**** Dataset records

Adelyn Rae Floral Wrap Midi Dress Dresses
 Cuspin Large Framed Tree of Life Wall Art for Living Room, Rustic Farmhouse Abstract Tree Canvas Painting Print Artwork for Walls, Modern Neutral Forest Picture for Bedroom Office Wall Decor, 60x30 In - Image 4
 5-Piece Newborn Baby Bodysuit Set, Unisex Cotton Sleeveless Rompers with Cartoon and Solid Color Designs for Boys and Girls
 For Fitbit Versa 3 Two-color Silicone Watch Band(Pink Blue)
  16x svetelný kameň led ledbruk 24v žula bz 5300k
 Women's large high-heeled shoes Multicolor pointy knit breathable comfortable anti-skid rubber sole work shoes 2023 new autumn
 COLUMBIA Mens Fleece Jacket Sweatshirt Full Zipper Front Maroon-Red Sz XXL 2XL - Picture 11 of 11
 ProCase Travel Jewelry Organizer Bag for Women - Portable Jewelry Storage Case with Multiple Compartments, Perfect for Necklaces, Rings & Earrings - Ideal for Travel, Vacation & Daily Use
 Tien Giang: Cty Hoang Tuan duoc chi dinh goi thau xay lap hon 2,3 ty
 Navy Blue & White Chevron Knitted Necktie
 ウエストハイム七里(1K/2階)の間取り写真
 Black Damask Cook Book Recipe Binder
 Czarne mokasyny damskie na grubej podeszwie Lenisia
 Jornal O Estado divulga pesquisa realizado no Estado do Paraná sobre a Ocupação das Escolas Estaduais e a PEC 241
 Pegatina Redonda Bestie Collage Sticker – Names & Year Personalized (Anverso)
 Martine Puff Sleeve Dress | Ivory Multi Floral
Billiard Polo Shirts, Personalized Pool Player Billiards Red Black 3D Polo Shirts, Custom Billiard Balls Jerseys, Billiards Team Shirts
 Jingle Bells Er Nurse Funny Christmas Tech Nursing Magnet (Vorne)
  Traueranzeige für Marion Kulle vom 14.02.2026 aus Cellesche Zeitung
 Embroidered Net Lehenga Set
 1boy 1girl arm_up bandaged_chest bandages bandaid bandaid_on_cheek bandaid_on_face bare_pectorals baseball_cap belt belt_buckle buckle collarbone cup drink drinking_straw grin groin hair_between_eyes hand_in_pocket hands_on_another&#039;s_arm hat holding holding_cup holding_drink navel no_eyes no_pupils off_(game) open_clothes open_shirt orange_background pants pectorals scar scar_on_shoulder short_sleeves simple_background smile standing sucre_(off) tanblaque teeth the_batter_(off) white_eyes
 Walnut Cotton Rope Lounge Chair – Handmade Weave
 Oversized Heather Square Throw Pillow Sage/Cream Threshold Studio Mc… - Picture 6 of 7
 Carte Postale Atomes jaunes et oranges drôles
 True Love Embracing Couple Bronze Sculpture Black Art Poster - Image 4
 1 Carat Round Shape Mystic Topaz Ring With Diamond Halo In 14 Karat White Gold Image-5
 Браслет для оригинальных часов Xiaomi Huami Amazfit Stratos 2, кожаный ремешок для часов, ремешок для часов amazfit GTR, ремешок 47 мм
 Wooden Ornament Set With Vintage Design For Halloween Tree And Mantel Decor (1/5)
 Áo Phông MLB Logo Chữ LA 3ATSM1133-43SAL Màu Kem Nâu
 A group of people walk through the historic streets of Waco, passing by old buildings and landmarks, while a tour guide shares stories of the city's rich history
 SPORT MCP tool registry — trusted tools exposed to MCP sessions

********

Task goal: Transcribe all of the entries without altering anything.

Answer:
Adelyn Rae Floral Wrap Midi Dress Dresses
 Cuspin Large Framed Tree of Life Wall Art for Living Room, Rustic Farmhouse Abstract Tree Canvas Painting Print Artwork for Walls, Modern Neutral Forest Picture for Bedroom Office Wall Decor, 60x30 In - Image 4
 5-Piece Newborn Baby Bodysuit Set, Unisex Cotton Sleeveless Rompers with Cartoon and Solid Color Designs for Boys and Girls
 For Fitbit Versa 3 Two-color Silicone Watch Band(Pink Blue)
  16x svetelný kameň led ledbruk 24v žula bz 5300k
 Women's large high-heeled shoes Multicolor pointy knit breathable comfortable anti-skid rubber sole work shoes 2023 new autumn
 COLUMBIA Mens Fleece Jacket Sweatshirt Full Zipper Front Maroon-Red Sz XXL 2XL - Picture 11 of 11
 ProCase Travel Jewelry Organizer Bag for Women - Portable Jewelry Storage Case with Multiple Compartments, Perfect for Necklaces, Rings & Earrings - Ideal for Travel, Vacation & Daily Use
 Tien Giang: Cty Hoang Tuan duoc chi dinh goi thau xay lap hon 2,3 ty
 Navy Blue & White Chevron Knitted Necktie
 ウエストハイム七里(1K/2階)の間取り写真
 Black Damask Cook Book Recipe Binder
 Czarne mokasyny damskie na grubej podeszwie Lenisia
 Jornal O Estado divulga pesquisa realizado no Estado do Paraná sobre a Ocupação das Escolas Estaduais e a PEC 241
 Pegatina Redonda Bestie Collage Sticker – Names & Year Personalized (Anverso)
 Martine Puff Sleeve Dress | Ivory Multi Floral
Billiard Polo Shirts, Personalized Pool Player Billiards Red Black 3D Polo Shirts, Custom Billiard Balls Jerseys, Billiards Team Shirts
 Jingle Bells Er Nurse Funny Christmas Tech Nursing Magnet (Vorne)
  Traueranzeige für Marion Kulle vom 14.02.2026 aus Cellesche Zeitung
 Embroidered Net Lehenga Set
 1boy 1girl arm_up bandaged_chest bandages bandaid bandaid_on_cheek bandaid_on_face bare_pectorals baseball_cap belt belt_buckle buckle collarbone cup drink drinking_straw grin groin hair_between_eyes hand_in_pocket hands_on_another&#039;s_arm hat holding holding_cup holding_drink navel no_eyes no_pupils off_(game) open_clothes open_shirt orange_background pants pectorals scar scar_on_shoulder short_sleeves simple_background smile standing sucre_(off) tanblaque teeth the_batter_(off) white_eyes
 Walnut Cotton Rope Lounge Chair – Handmade Weave
 Oversized Heather Square Throw Pillow Sage/Cream Threshold Studio Mc… - Picture 6 of 7
 Carte Postale Atomes jaunes et oranges drôles
 True Love Embracing Couple Bronze Sculpture Black Art Poster - Image 4
 1 Carat Round Shape Mystic Topaz Ring With Diamond Halo In 14 Karat White Gold Image-5
 Браслет для оригинальных часов Xiaomi Huami Amazfit Stratos 2, кожаный ремешок для часов, ремешок для часов amazfit GTR, ремешок 47 мм
 Wooden Ornament Set With Vintage Design For Halloween Tree And Mantel Decor (1/5)
 Áo Phông MLB Logo Chữ LA 3ATSM1133-43SAL Màu Kem Nâu
 A group of people walk through the historic streets of Waco, passing by old buildings and landmarks, while a tour guide shares stories of the city's rich history
 SPORT MCP tool registry — trusted tools exposed to MCP sessions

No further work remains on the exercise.